What you return must match the listing word for word.

» Provided information

####################

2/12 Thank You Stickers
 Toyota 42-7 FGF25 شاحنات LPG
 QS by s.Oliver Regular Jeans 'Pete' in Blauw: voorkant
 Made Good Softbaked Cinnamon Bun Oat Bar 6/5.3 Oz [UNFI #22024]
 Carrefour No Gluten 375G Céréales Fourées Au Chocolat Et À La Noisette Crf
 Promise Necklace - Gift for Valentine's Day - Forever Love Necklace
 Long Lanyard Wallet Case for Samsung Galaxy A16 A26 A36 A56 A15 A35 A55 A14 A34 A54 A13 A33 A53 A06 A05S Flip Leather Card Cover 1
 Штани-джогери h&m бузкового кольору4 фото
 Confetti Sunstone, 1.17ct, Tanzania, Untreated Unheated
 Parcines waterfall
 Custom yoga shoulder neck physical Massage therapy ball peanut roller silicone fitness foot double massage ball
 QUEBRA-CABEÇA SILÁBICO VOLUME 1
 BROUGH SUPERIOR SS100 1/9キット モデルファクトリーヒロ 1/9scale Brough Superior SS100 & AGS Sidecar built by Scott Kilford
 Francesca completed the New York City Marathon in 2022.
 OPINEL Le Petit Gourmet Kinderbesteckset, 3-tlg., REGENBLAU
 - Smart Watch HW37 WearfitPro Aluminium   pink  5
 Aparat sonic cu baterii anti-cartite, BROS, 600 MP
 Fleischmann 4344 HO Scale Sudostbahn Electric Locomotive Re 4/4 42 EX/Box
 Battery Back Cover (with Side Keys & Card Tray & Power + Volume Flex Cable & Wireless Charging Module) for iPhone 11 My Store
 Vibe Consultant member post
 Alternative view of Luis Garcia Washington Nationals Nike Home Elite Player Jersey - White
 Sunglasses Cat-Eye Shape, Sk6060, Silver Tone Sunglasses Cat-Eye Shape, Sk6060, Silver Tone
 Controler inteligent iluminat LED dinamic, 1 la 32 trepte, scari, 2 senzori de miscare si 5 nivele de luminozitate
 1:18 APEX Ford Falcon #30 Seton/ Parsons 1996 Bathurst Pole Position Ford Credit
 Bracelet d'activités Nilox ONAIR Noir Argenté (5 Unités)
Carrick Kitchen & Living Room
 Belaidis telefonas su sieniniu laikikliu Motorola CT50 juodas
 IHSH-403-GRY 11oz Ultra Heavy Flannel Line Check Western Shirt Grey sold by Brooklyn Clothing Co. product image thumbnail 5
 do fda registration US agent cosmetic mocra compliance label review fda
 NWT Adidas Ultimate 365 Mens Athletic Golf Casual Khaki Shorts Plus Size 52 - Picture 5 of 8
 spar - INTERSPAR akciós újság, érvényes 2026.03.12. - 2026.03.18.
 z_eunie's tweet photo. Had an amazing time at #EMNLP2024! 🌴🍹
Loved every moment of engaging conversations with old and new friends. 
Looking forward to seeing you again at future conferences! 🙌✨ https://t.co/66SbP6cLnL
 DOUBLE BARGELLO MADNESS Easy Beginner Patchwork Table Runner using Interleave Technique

####################

» Output of the exercise
2/12 Thank You Stickers
 Toyota 42-7 FGF25 شاحنات LPG
 QS by s.Oliver Regular Jeans 'Pete' in Blauw: voorkant
 Made Good Softbaked Cinnamon Bun Oat Bar 6/5.3 Oz [UNFI #22024]
 Carrefour No Gluten 375G Céréales Fourées Au Chocolat Et À La Noisette Crf
 Promise Necklace - Gift for Valentine's Day - Forever Love Necklace
 Long Lanyard Wallet Case for Samsung Galaxy A16 A26 A36 A56 A15 A35 A55 A14 A34 A54 A13 A33 A53 A06 A05S Flip Leather Card Cover 1
 Штани-джогери h&m бузкового кольору4 фото
 Confetti Sunstone, 1.17ct, Tanzania, Untreated Unheated
 Parcines waterfall
 Custom yoga shoulder neck physical Massage therapy ball peanut roller silicone fitness foot double massage ball
 QUEBRA-CABEÇA SILÁBICO VOLUME 1
 BROUGH SUPERIOR SS100 1/9キット モデルファクトリーヒロ 1/9scale Brough Superior SS100 & AGS Sidecar built by Scott Kilford
 Francesca completed the New York City Marathon in 2022.
 OPINEL Le Petit Gourmet Kinderbesteckset, 3-tlg., REGENBLAU
 - Smart Watch HW37 WearfitPro Aluminium   pink  5
 Aparat sonic cu baterii anti-cartite, BROS, 600 MP
 Fleischmann 4344 HO Scale Sudostbahn Electric Locomotive Re 4/4 42 EX/Box
 Battery Back Cover (with Side Keys & Card Tray & Power + Volume Flex Cable & Wireless Charging Module) for iPhone 11 My Store
 Vibe Consultant member post
 Alternative view of Luis Garcia Washington Nationals Nike Home Elite Player Jersey - White
 Sunglasses Cat-Eye Shape, Sk6060, Silver Tone Sunglasses Cat-Eye Shape, Sk6060, Silver Tone
 Controler inteligent iluminat LED dinamic, 1 la 32 trepte, scari, 2 senzori de miscare si 5 nivele de luminozitate
 1:18 APEX Ford Falcon #30 Seton/ Parsons 1996 Bathurst Pole Position Ford Credit
 Bracelet d'activités Nilox ONAIR Noir Argenté (5 Unités)
Carrick Kitchen & Living Room
 Belaidis telefonas su sieniniu laikikliu Motorola CT50 juodas
 IHSH-403-GRY 11oz Ultra Heavy Flannel Line Check Western Shirt Grey sold by Brooklyn Clothing Co. product image thumbnail 5
 do fda registration US agent cosmetic mocra compliance label review fda
 NWT Adidas Ultimate 365 Mens Athletic Golf Casual Khaki Shorts Plus Size 52 - Picture 5 of 8
 spar - INTERSPAR akciós újság, érvényes 2026.03.12. - 2026.03.18.
 z_eunie's tweet photo. Had an amazing time at #EMNLP2024! 🌴🍹
Loved every moment of engaging conversations with old and new friends. 
Looking forward to seeing you again at future conferences! 🙌✨ https://t.co/66SbP6cLnL
 DOUBLE BARGELLO MADNESS Easy Beginner Patchwork Table Runner using Interleave Technique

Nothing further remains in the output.